A d-pad works fine if you have only a little bit of music, but a d-pad falls apart as a user interface when your music library gets into the thousands of tracks. With that much music, even the list of artists gets too huge to work really well with a d-pad, since you either have to press down a ridiculous number of times to navigate down a list or you have to press and hold to quickly zoom down the list and then have to press up a bunch more times when you inevitably overshoot. Having a scroll wheel allows you to "scrub" through the list at different speeds depending on how fast you move the wheel, just like a shuttle wheel on a video editing station. It's a really elegant solution to a rather hairy user interface problem.
 
2011-10-24 12:19:05 PM
Mad_Radhu:
A d-pad works fine if you have only a little bit of music, but a d-pad falls apart as a user interface when your music library gets into the thousands of tracks. With that much music, even the list of artists gets too huge to work really well with a d-pad, since you either have to press down a ridiculous number of times to navigate down a list or you have to press and hold to quickly zoom down the list and then have to press up a bunch more times when you inevitably overshoot. Having a scroll wheel allows you to "scrub" through the list at different speeds depending on how fast you move the wheel, just like a shuttle wheel on a video editing station. It's a really elegant solution to a rather hairy user interface problem.

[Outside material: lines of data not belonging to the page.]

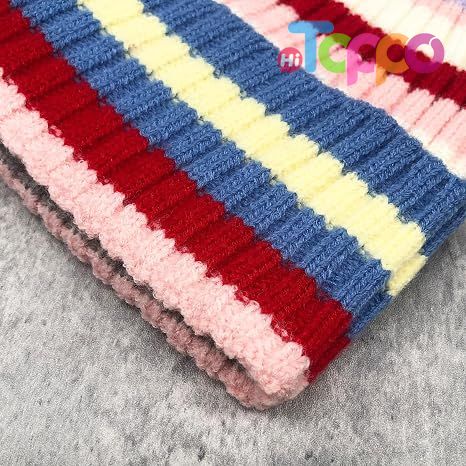 Colorful Striped Beanie Cuffed Winter Soft Rib Knit Hat for Women Men Gift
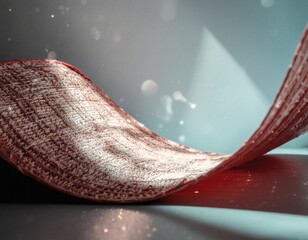 Vibrant red and white fabric flowing dramatically on modern surface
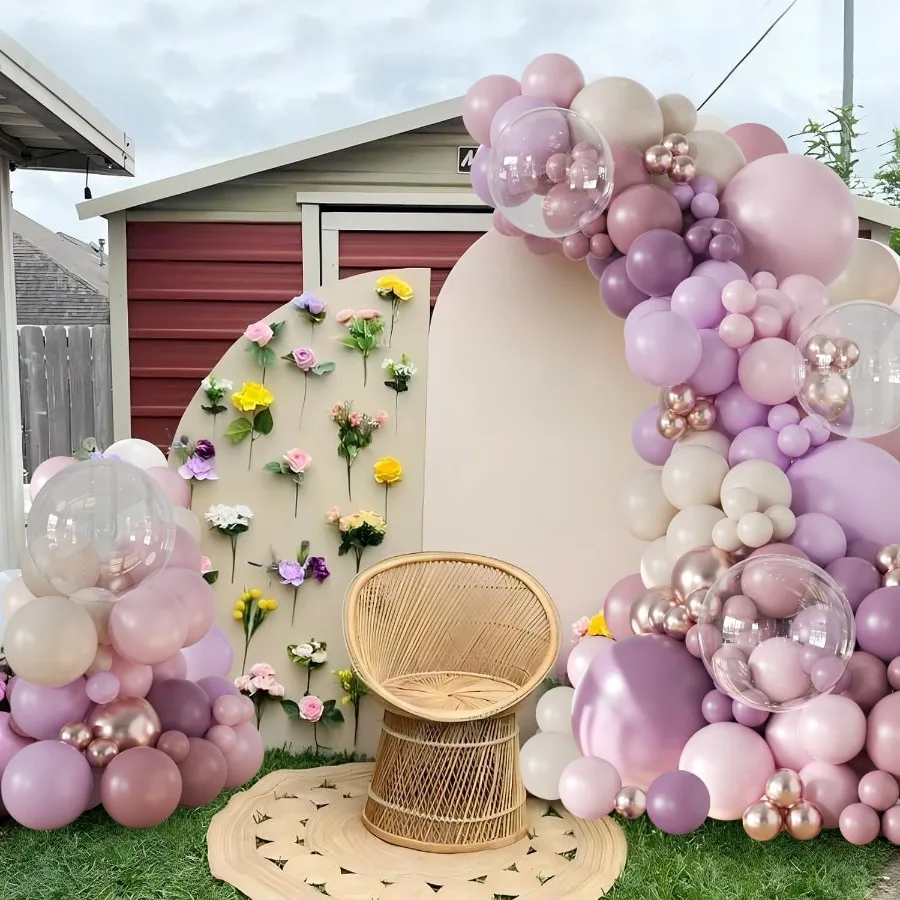 Kit arco per palloncini viola 132 pezzi con palloncini viola antico rosa chiaro oro rosa bianco e trasparente per un elegante compleanno baby shower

It works well. Once you know it exists. But it is in no way intuitive that that function was there. You see four buttons, ordinary press to click, buttons. Who would have guessed they were also touch sensitive buttons you could scroll by circling with?
Like the scroll function on the current Mac mouse. There is no hint that there is such a control hidden in there.
 
ZAZ [TotalFark]
2011-10-24 12:37:29 PM
Mad_Radhu

I still haven't figured out how to reliably do the fast scroll thing where it jumps a letter at a time. Maybe my pressure isn't constant enough.
 
2011-10-24 01:45:51 PM
Flint Ironstag: It works well. Once you know it exists. But it is in no way intuitive that that function was there. You see four buttons, ordinary press to click, buttons. Who would have guessed they were also touch sensitive buttons you could scroll by circling with?
Like the scroll function on the current Mac mouse. There is no hint that there is such a control hidden in there.


If it was really as unintuitive as you say, they wouldn't have sold hundreds of millions of the things. I've NEVER run into anyone outside of male models and crotchey old coots that couldn't pick up and iPod and figure out how it works after playing around with it for a minute.
 
2011-10-24 01:48:06 PM
ZAZ: Mad_Radhu

I still haven't figured out how to reliably do the fast scroll thing where it jumps a letter at a time. Maybe my pressure isn't constant enough.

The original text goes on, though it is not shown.